Ela faz o papel de Younghee uma atriz de cinema famosa, que se tornou mal falada por ter namorado um homem casado. Ela volta para a sua cidade natal na Corea, após viver um tempo na Alemanha. O diretor Hong Sang-soo é um caso a parte na filmografia oriental e se caracteriza pela ausência de pressa em suas narrativas, experimentando uma movimentação interiorizada e contemplativa. A sua câmara por vezes se perde encantada pela beleza da cidade de Gangneung e de sua musa Kim Min-Hee.
É lançado o docudrama Churchill, com o escocês Brian Cox, no papel do chanceler Britânico que levou os ingleses à vitória na 2ª Guerra. E com a elegante Miranda Richardson, no papel da esposa Clementine. O diretor é o australiano Jonathan Teplitzky, de carreira apenas razoável. 
(som)
E Brian Cox é um ator de recursos apenas medianos, mas as compensa suas limitações com uma atuação firme e vigorosa. Não são se compara, porém, à excepcional qualidade trabalho do americano John Lithgow no mesmo papel, dentro da magistral série televisiva The Crown, criada em 2016 por Peter Morgan – ele que em 2006 dirigiu filmes sobre poderosos como O Último Rei da Escócia e A Rainha
Por falar nisso, também chega às telas o filme de um personagem que foi durante várias décadas o rei dos desenhos animados.
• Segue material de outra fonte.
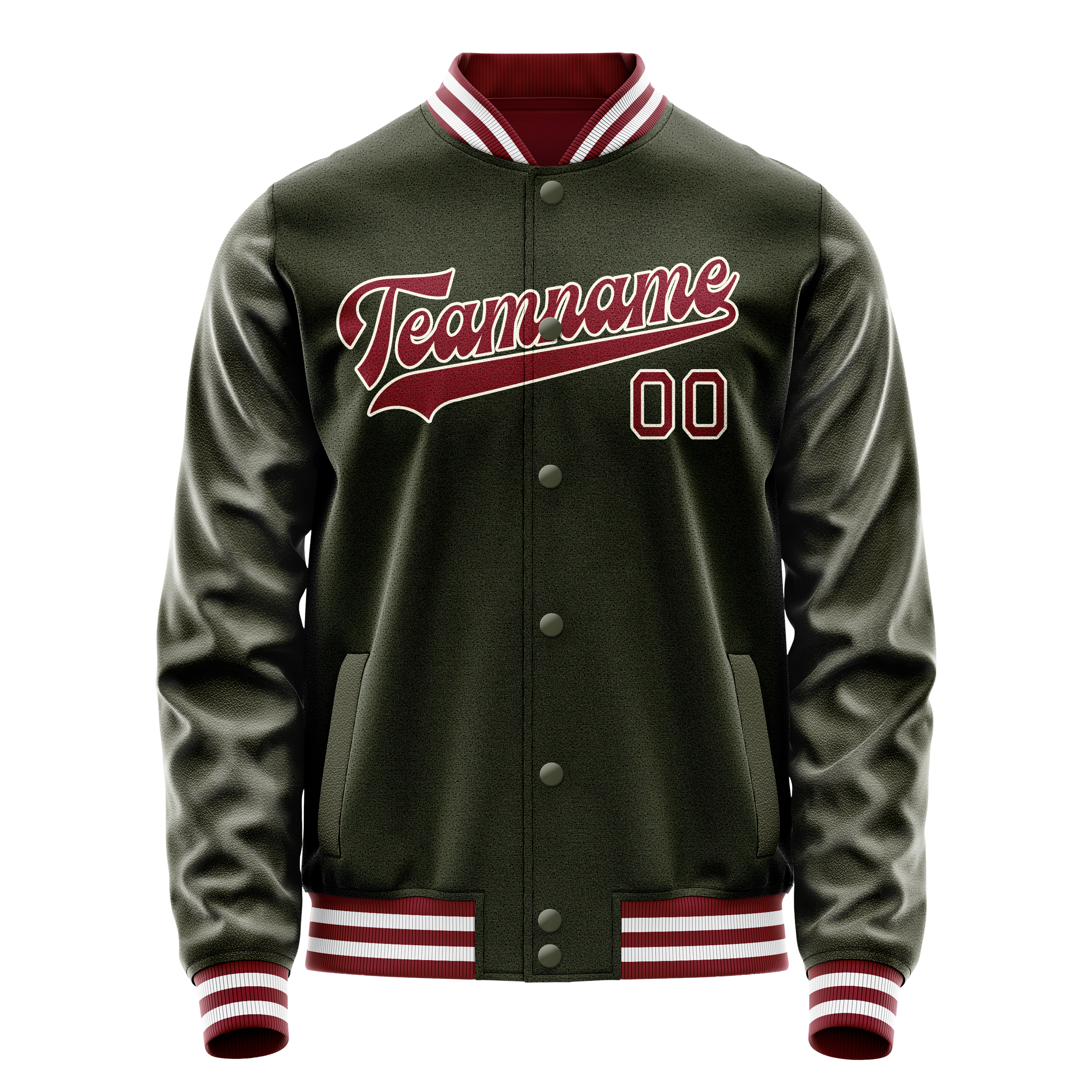 Personalized Olive & Red Solid Color Varsity Letterman Jacket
Falamos de Woody Woodpecker, o famoso Pica-Pau. Só que o filme mistura atores ao vivo com figuras de animação. A história é sobre um casal que pretende construir sua casa de campo justamente no lugar conde mora o nosso herói – que, todos sabemos, tem um temperamento especialmente explosivo.

A Morte Te Dá Parabéns é um filme sobrenatural e de horror, mas com uma pegada cômica. A protagonista é assassinada no dia de seu aniversário, mas fica presa em um circulo vicioso entre vida e morte. Ela precisa resolver o mistério de seu próprio assassinato, e ressuscitar várias vezes, até descobrir quem foi o responsável pelo crime. A ideia já foi usada em outros filmes. Tomara que desta vez o diretor Christopher Landon use o humor...
Chocante é uma comédia em que Tony Ramos faz o papel de um empresário que, há 20 anos, criou e divulgou uma banda juvenil que fez sucesso na época e logo foi esquecida. Agora, diversas décadas depois, os antigos integrantes do grupo tentam novamente ser lançados na vida artística.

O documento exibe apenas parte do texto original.